**What you have to do**
After finding the line containing "And then I'm" below, please output that line and each following one through the line containing "Because I navigated", exactly as written.

**Records supplied**
▬▬▬

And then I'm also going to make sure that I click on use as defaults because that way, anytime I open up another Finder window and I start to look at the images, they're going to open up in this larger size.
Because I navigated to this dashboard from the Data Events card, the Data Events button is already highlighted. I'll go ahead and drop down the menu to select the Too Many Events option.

▬▬▬

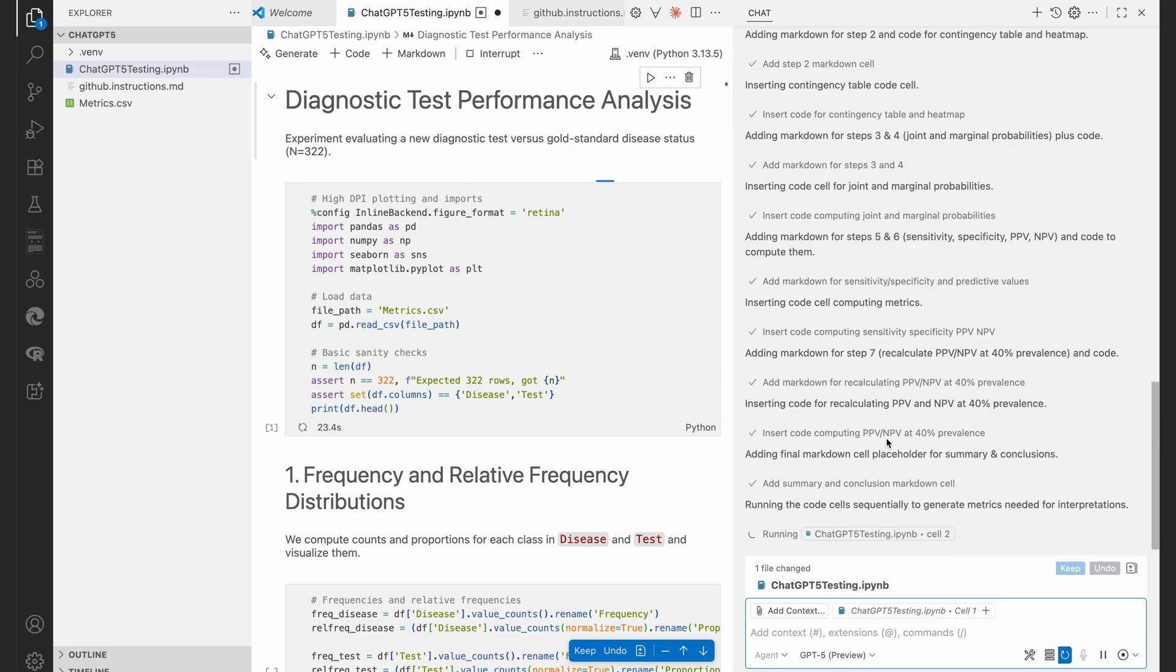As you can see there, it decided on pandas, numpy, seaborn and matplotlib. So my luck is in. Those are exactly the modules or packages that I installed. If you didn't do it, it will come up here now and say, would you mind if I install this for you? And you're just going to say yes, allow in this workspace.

▬▬▬

**Result for this task**
And then I'm also going to make sure that I click on use as defaults because that way, anytime I open up another Finder window and I start to look at the images, they're going to open up in this larger size.
Because I navigated to this dashboard from the Data Events card, the Data Events button is already highlighted. I'll go ahead and drop down the menu to select the Too Many Events option.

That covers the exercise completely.